TASK DETAILS:
All the lines below should appear again unchanged, though their pictures should not.

PROVIDED DATA:

•••••

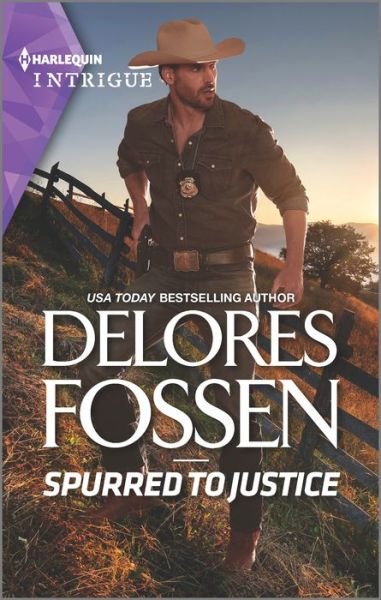Cover for Delores Fossen · Spurred to Justice (Paperback Book) (2023)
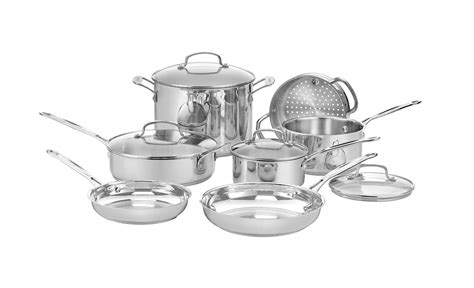 cookware cuisinart sets affordable stainless steel amazon order right styles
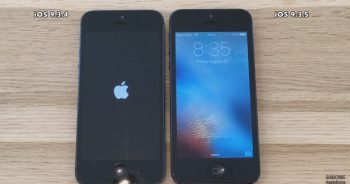 เปรียบเทียบความเร็ว iOS 9.3.5 vs iOS 9.3.4 บน iPhone 4s, 5, 5s, 6 และ 6s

•••••

ANSWER FOR THE TASK:
Cover for Delores Fossen · Spurred to Justice (Paperback Book) (2023)
 cookware cuisinart sets affordable stainless steel amazon order right styles
 เปรียบเทียบความเร็ว iOS 9.3.5 vs iOS 9.3.4 บน iPhone 4s, 5, 5s, 6 และ 6s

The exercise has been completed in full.